STANDARD: Welche Veränderungen haben Sie in Sachen Liebesbeziehungen im Laufe der Zeit in Ihrer Praxis beobachtet?

Maurer: Es gibt heute beides parallel: einen gewissen Beziehungs-Biedermeier-Geist, also Rückzug ins Private, eine Sehnsucht nach Zweisamkeit und Familie. Und es gibt eine große Offenheit bei Beziehungsformen oder in Sachen Geschlechtszugehörigkeit. Beim Sexuellen bricht vieles auf, weil man sich alles anschauen kann im Internet. Es geht auch früher zur Sache: 14-Jährige haben schon Analsex und schicken sich auf Whatsapp Begriffe, die schon sehr ins Pornografische gehen.

STANDARD: Sie bieten auch Onlinestunden an. Wie unterscheiden sich die Themen in der Stadt von jenen in ländlicheren Gebieten?

Maurer: Für viele ist in kleineren Ortschaften eine Trennung schwieriger vorstellbar, Themen wie Scheidung oder Homosexualität sind in ländlicheren Gebieten häufig noch immer sensiblere als in einer Großstadt wie Wien, wo man mehr gewohnt ist.

Psychologin Birgit Maurer.
Foto: Heribert Corn

STANDARD: Das Internet haben Sie in puncto Liebe bereits als Fluch und Segen bezeichnet ...

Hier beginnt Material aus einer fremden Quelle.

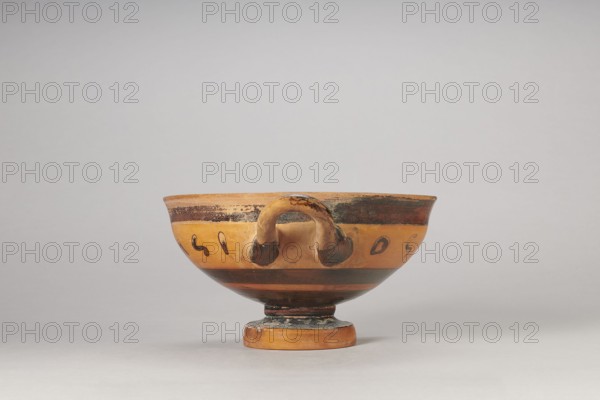 Black-figure kylix with Greek inscription, Archaic kylix a form between a ribband kylix and an eye kylix, 540–520 BC, Attica, kylix vessel, height 16.2 cm, width 22.2 cm, A shallow ceramic bowl on a small circular foot, shown from the front, with a single rounded handle attached to the rim and body; the surface shows bands and decorative marks in shades of orange, tan, brown, and black, with areas of wear and darker patina around the handle and rim, all set against a neutral pale gray background.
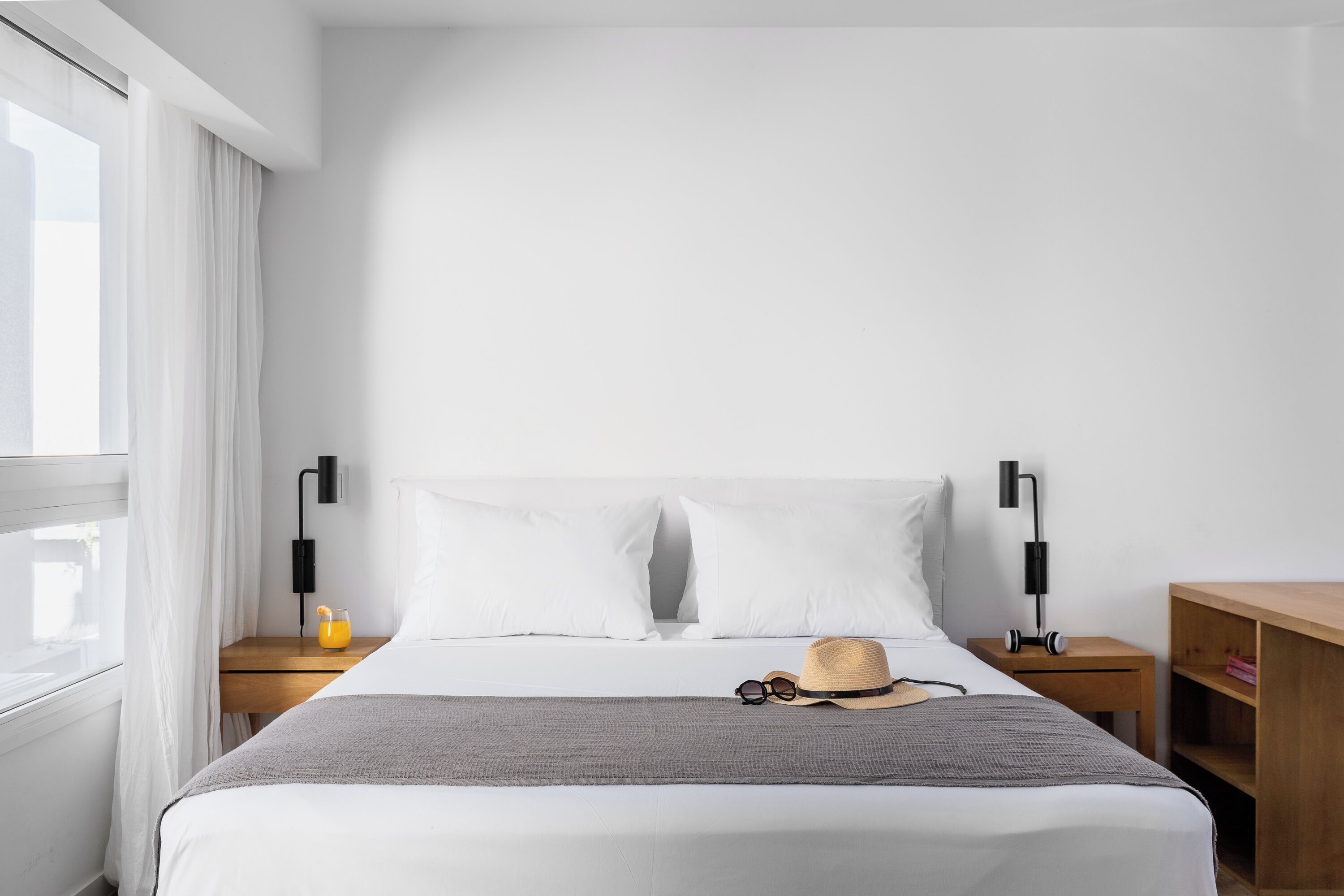 A neatly made bed with white bedding, a gray throw blanket, and a straw hat on the pillows. There are two bedside tables with black lamps and a small wooden nightstand with a shelf.
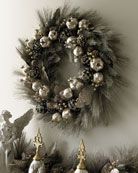 What a beautiful wreath for Christmas.  Using all silver and green is so special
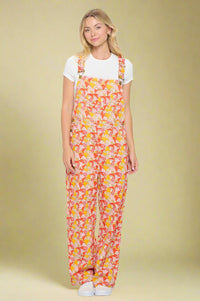 Model is wearing vibrant cotton overalls that are printed with a retro mushroom print.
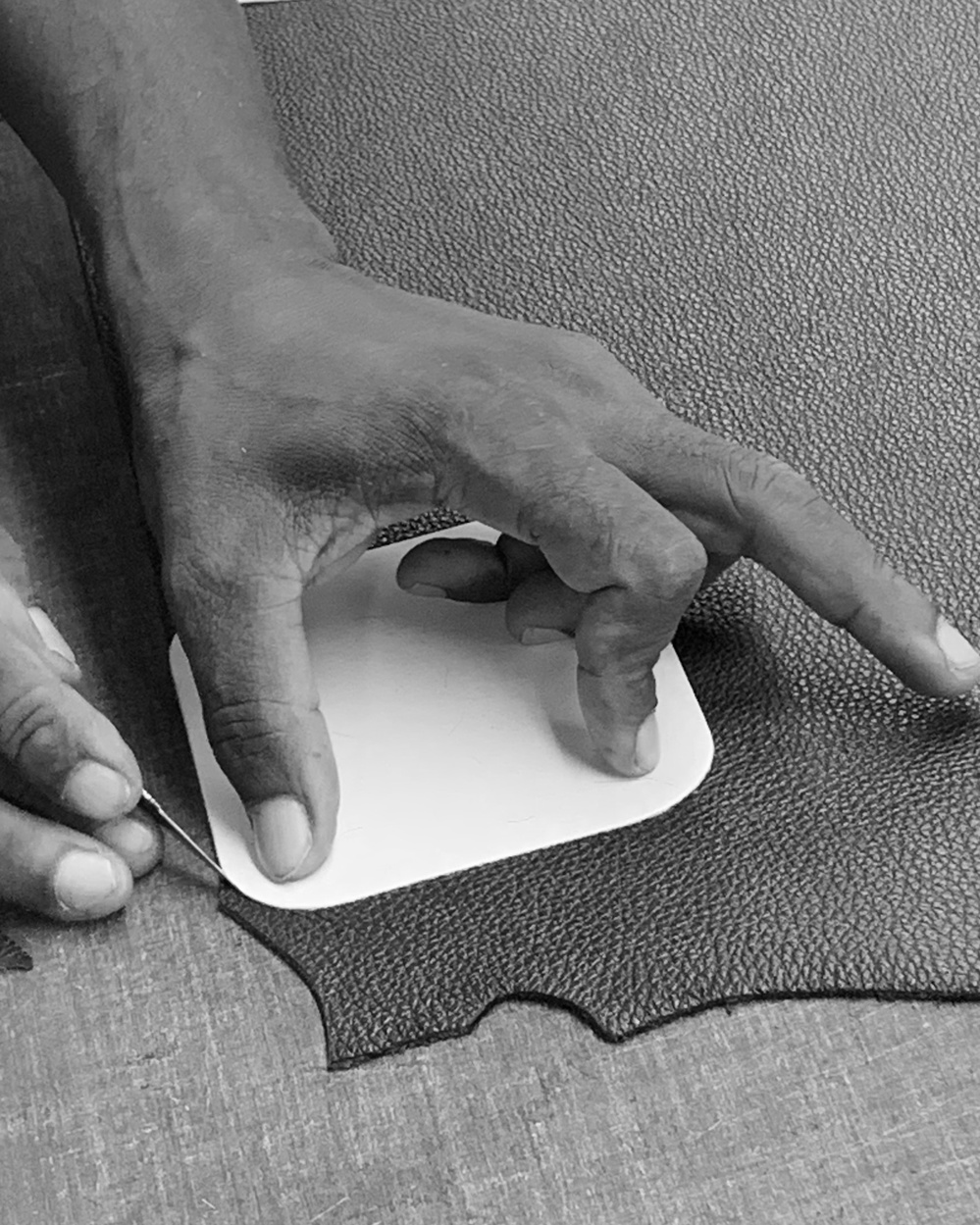 A black & white image of a master craftsman cutting leather to size.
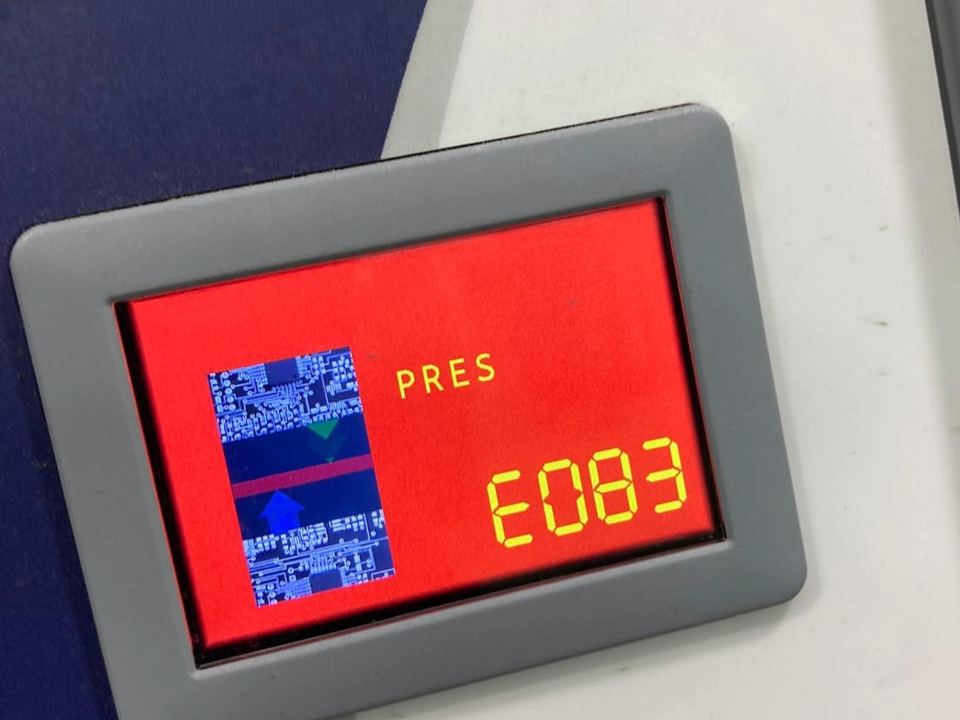 Machine control panel showing an active fault code during a diagnostic check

Maurer: Es ist mehr Vielfalt da. Das kann aber gleichzeitig zu Erschöpfung führen: zu viele Dates, zu viele Emotionen, man ist getrieben von der großen Auswahl, glaubt immer, dass noch etwas Besseres kommen könnte. Oft werden durch das viele Schreiben Emotionen aufgebaut, die dann in der Realität ein schnelles Ende finden, und man geht enttäuscht heim.

STANDARD: Was haben Sie für sich im Laufe Ihrer Arbeit über Beziehungen gelernt?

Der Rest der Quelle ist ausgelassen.